アラサー地味子@シャトーホテル/フランスでワケアリ御曹司に見初められちゃいました
 いつの間にか炎を燃え上がらせていた彼がその情熱で私の中に灯をともす。

 痛みなんかない。

 そこにはもう喜びしかなかった。

 私は彼の名を呼んでいた。

 彼も私の名を呼んでいる。

「君の前ではこんなに愚かな僕を許してくれ」

 背中を丸めながら私の胸に顔をうずめた彼がそうつぶやく。

 私は子供をあやすように彼の頭をかきなでた。

 レースのカーテンを透かして差し込む朝の光が彼の栗色の髪をきらめかせ、火照った背中を無防備にさらけ出す。

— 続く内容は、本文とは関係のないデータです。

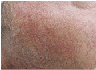 Photofacial/IPL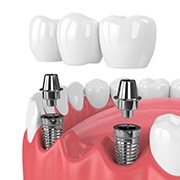 Diagram highlighting an implant bridge and its components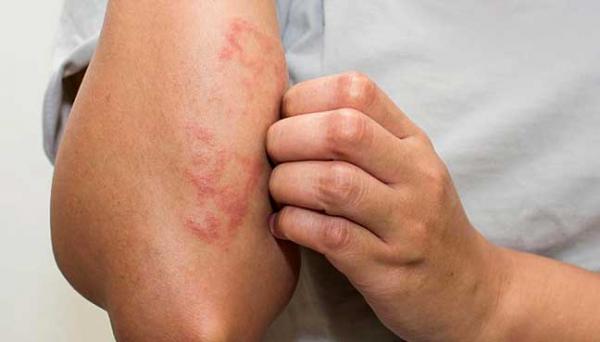 Κίνδυνος καρδιαγγειακών προβλημάτων λόγω σοβαρού εκζέματος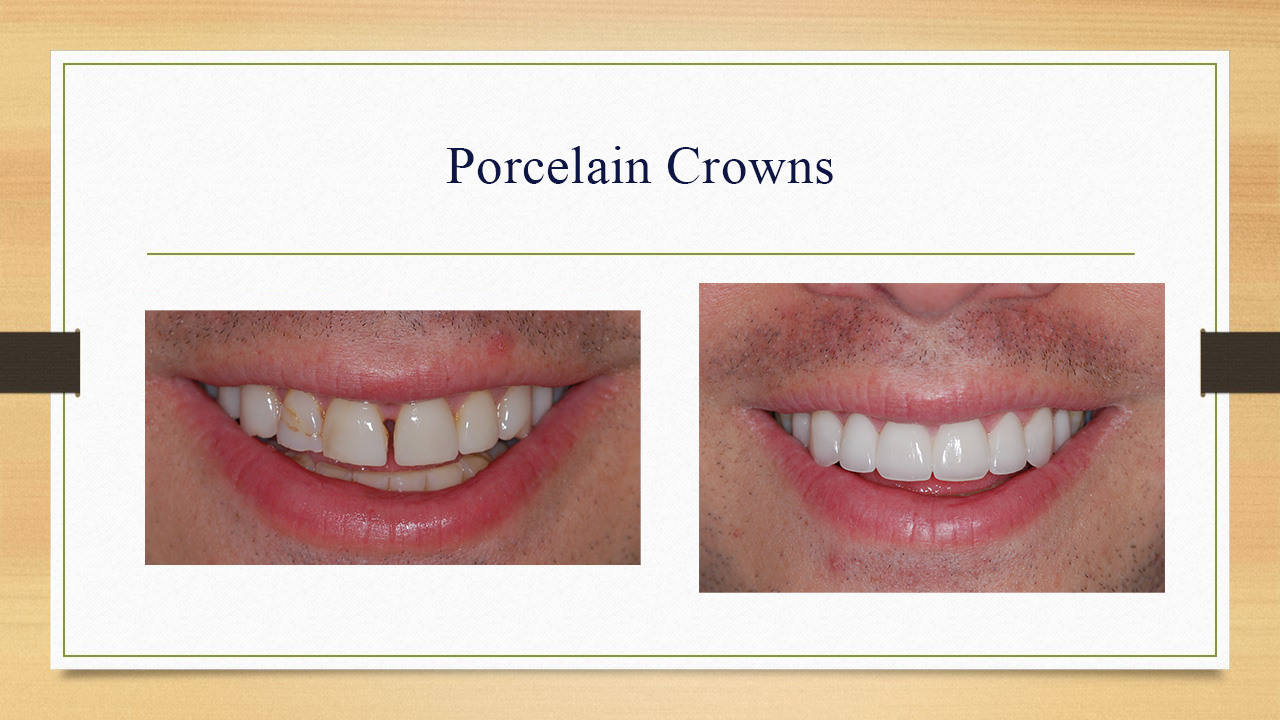 Kenneth W. Arida, DDS, PC | Periodontal Treatment, Sleep Apnea and Night Guards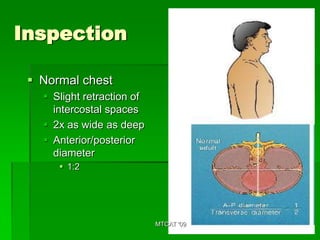 Inspection

  Normal chest
    Slight retraction of
     intercostal spaces
    2x as wide as deep
    Anterior/posterior
     diameter
       1:2




                            MTCAT '09
 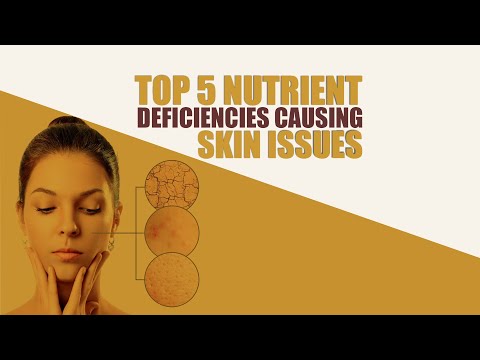 Top 5 Nutrient Deficiencies Causing Skin Issues | Shivangi Desai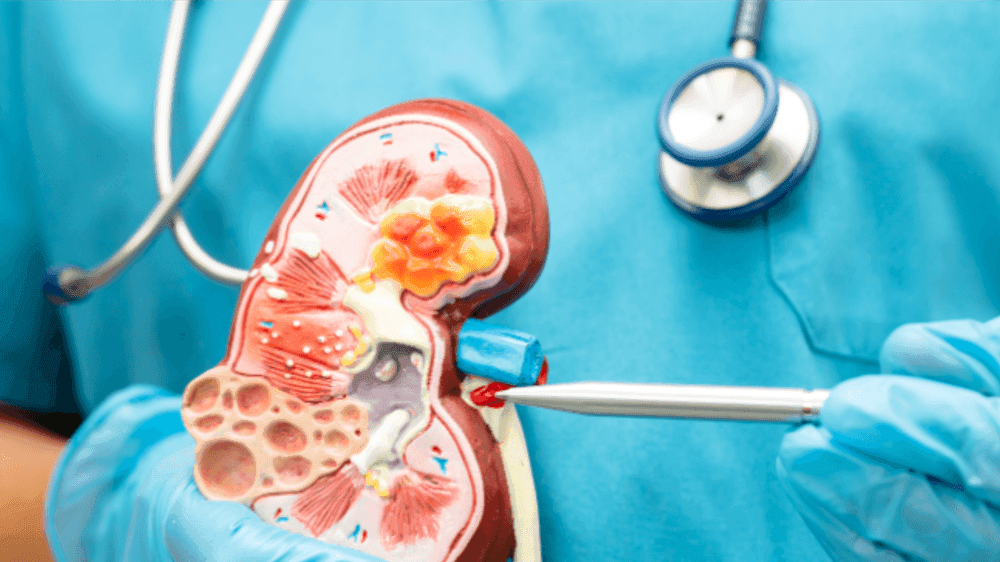  
Renal Package - Healthcare service image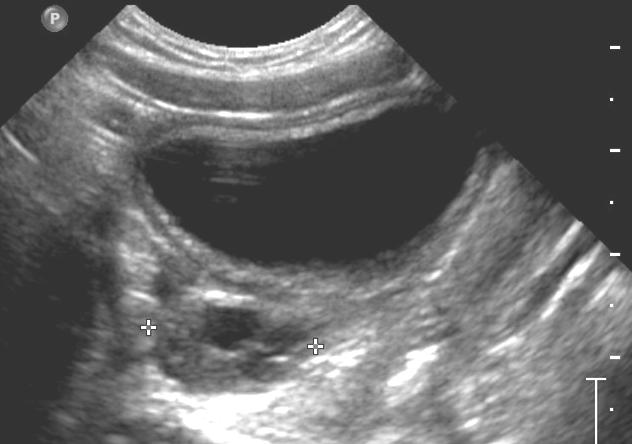 Ovarian torsion LDDER RT OV SG LT GROIN TRV 4 month old female with left groin mass and vomiting.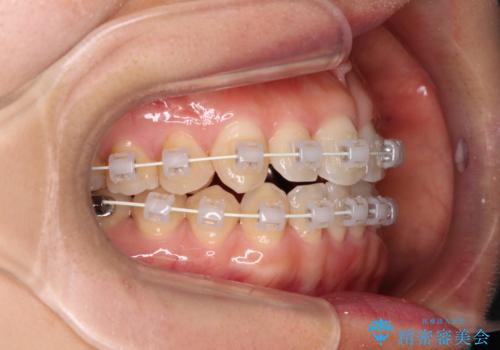 捻れた前歯と銀歯のブリッジを治したい ワイヤー矯正とオールセラミックブリッジの治療中
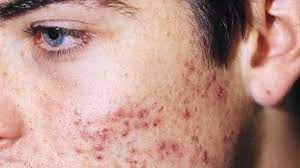 Las Posibles Maneras De Controlar El Acne Para Todos As Com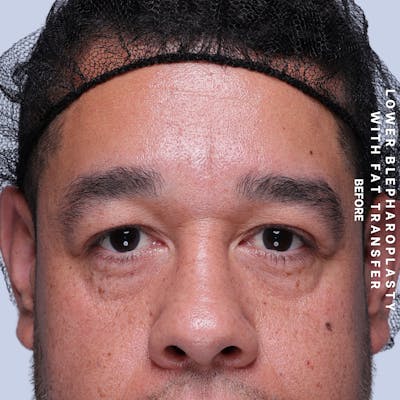Eyes Before & After Gallery - Patient 117878 - Image 1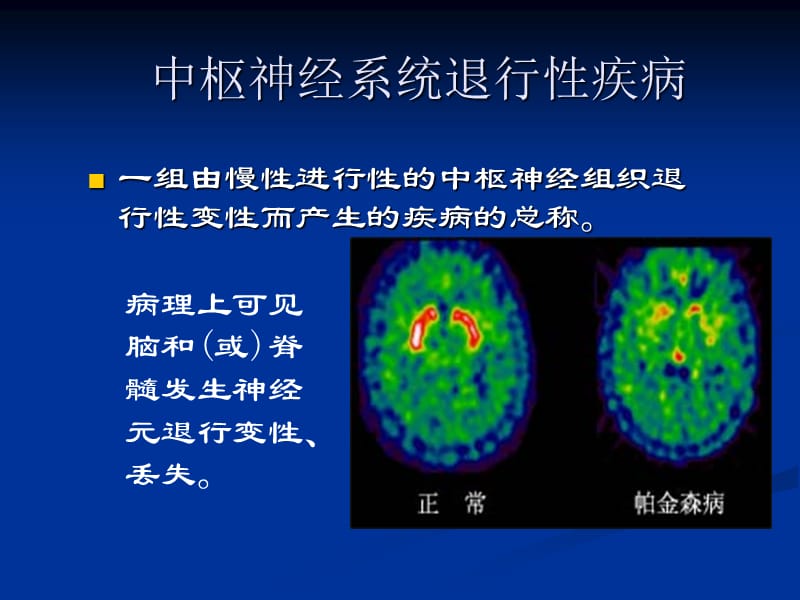 中枢神经系统退行性疾病-PPT课件.ppt_第2页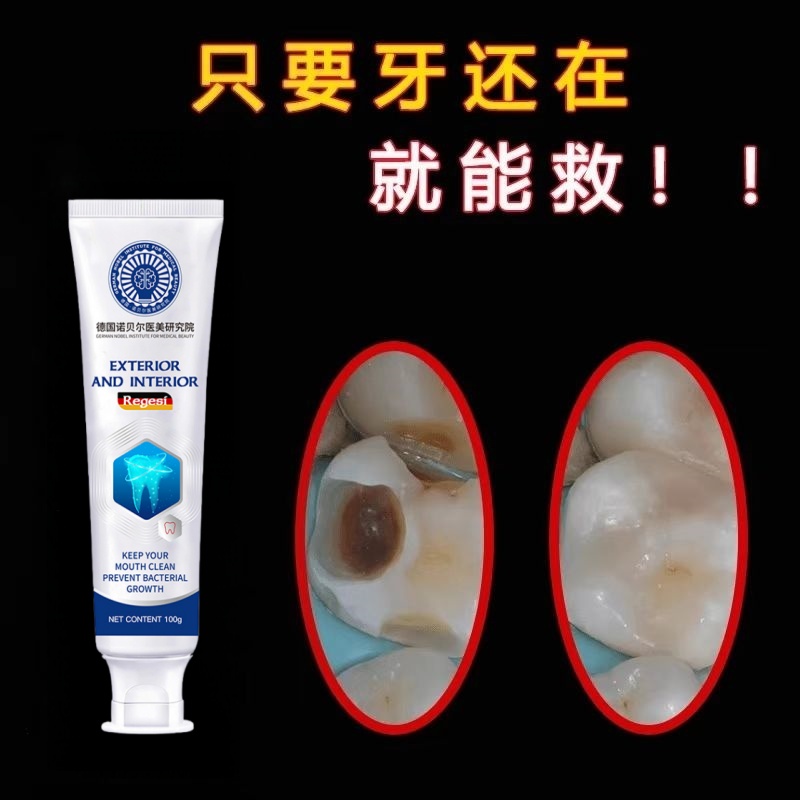 【德国研究院】蛀牙专用牙膏牙黄牙黑敏感大牌护理牙膏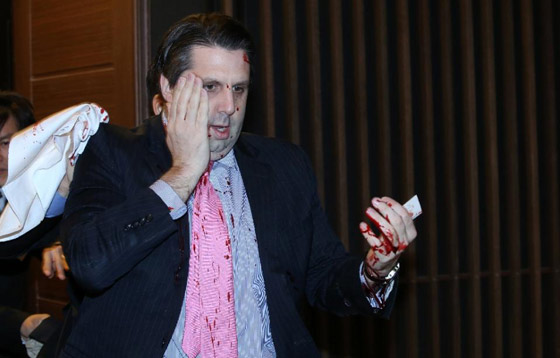 سيئولي يهاجم السفير الامريكي في بلاده بآلة حادة صورة رقم 2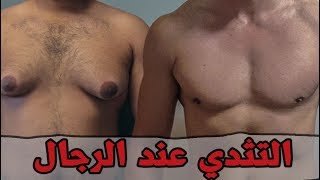 كيف تتخلص من التثدي عند الرجال...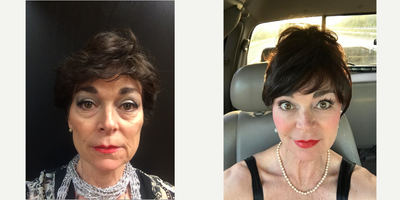 Bellafill before and after photo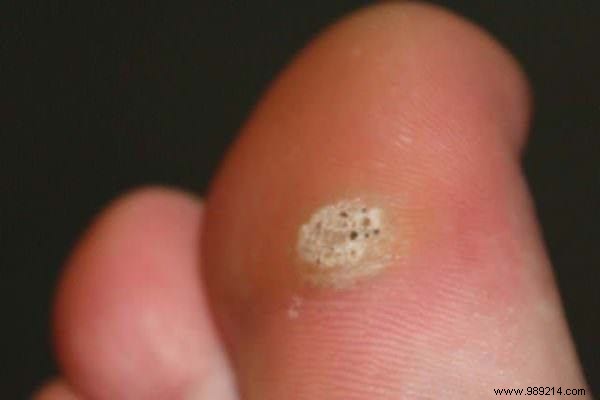 75 Proven Vinegar Uses: Expert Hacks for Cleaning, Health, Home, and More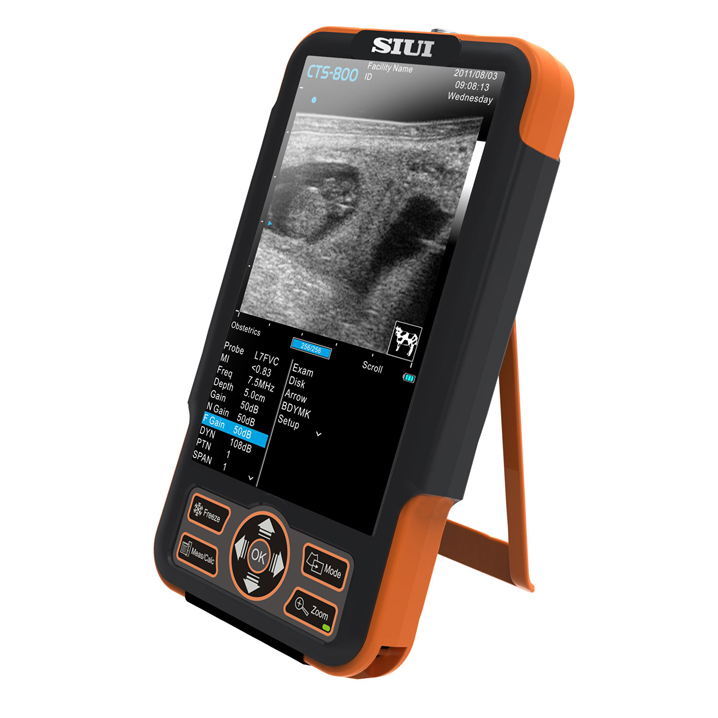 SIUI CTS-800 Портативный УЗИ аппарат для КРС и лошадей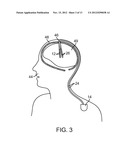 MANAGEMENT OF STIMULATION SAFETY LIMITS IN A NEUROSTIMULATION SYSTEM diagram and image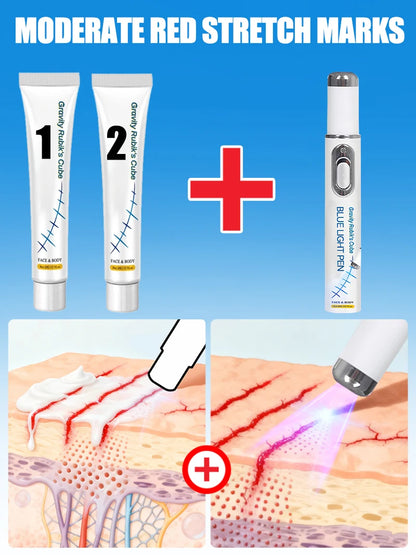 Striae blue light tool Goodbye To Stretch Marks, Maternal Skincare Tools - Global Mix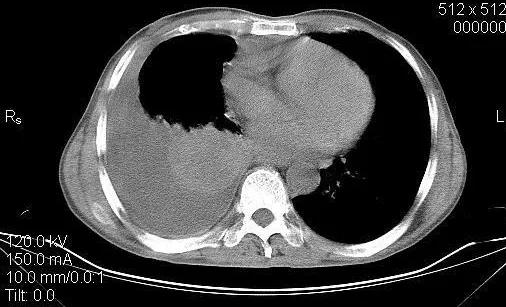 肺癌治愈后肺炎是不是可以自愈,肺炎因病情恶化经抢救无效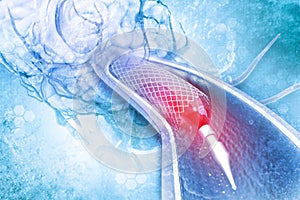 Stent angioplasty on scientific background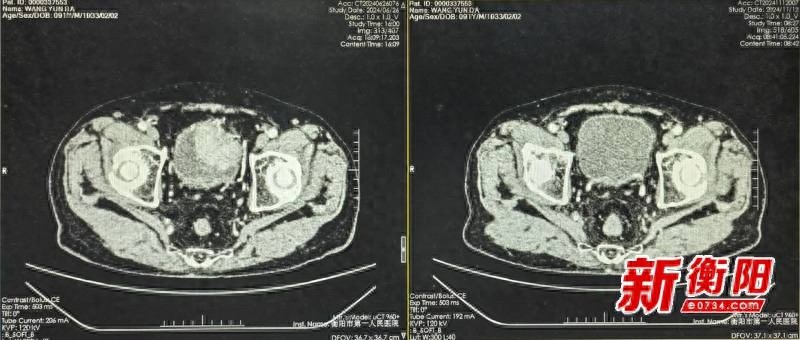 91岁高龄老人膀胱肿瘤奇迹消失！衡阳市第一人民医院如何做到的？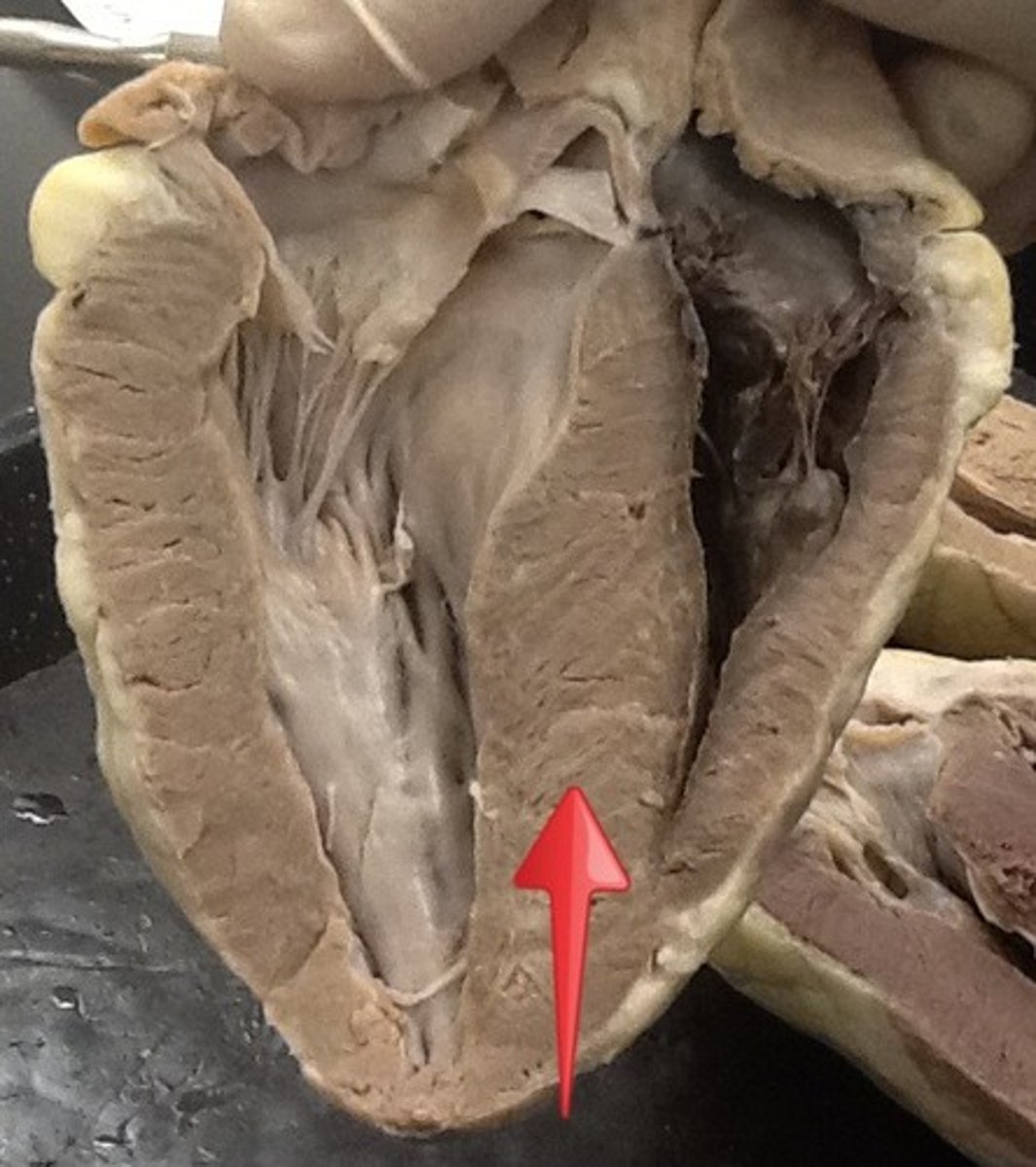 <p>separates ventricles</p>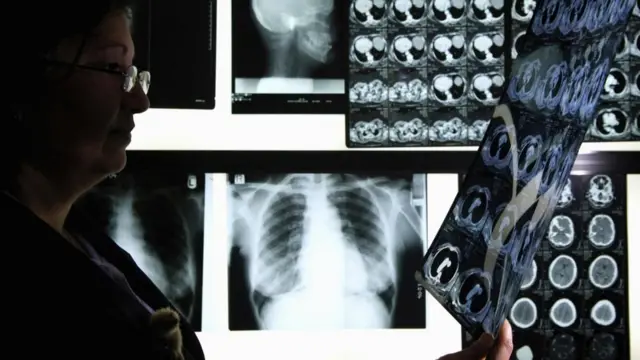L'"intelligence collective" peut aider les radiologues à réduire d'un tiers les erreurs de diagnostic de la pneumonie.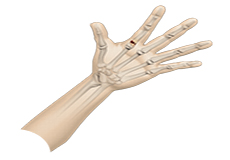 Fractures of the Hand and Fingers
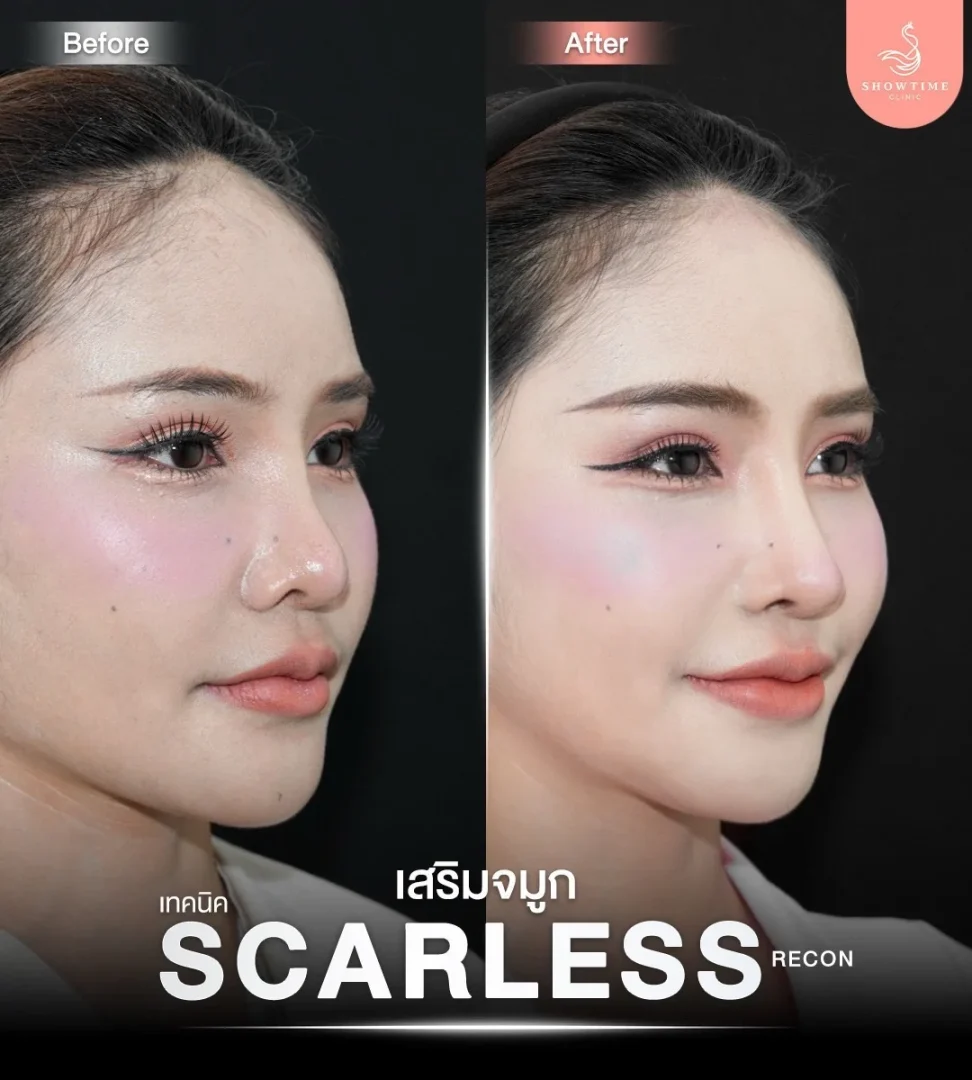 รีวิวงานแก้จมูก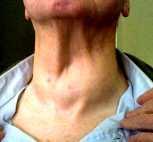 Outline Thyroid basics Thyroid exam Approach to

 オーケストラを指揮するように彼が私をかき乱し、されるがままに快楽の波が私を押し流していく。

 知らなかった。

 こんなこと知らなかった。

 何も知らなかった。

 彼がすべて教えてくれた。

 私は押し寄せる快楽に身を委ね、彼に溺れていた。

 腕を伸ばして私を押さえつけた彼が顎を上げて切なそうな表情であえぐ。

 快楽の絶頂に達した至福とそれを断ち切られた絶望で彼が私に崩れ落ちてくる。

 ――ユリ……。

 ベッドに転がった彼が腕を伸ばして私の頭を抱き寄せる。

 その腕枕に顔を埋めながら私は彼の背中に手を回した。

 言葉なんかいらない。

 言葉にすれば嘘になる。

 私が手にしているこの幸せ。

 それを表現するのは言葉なんかじゃない。

 私を見つめる彼のぬくもりだけ。

 信じられるのはただそれだけでいい。

 窓から吹き込んできたそよ風にレースのカーテンが揺れている。

 ジャンが薄手のブランケットで私の体を繭のように包んでくれる。

 この穏やかな時間がいつまでも続くことを私は信じていたかった。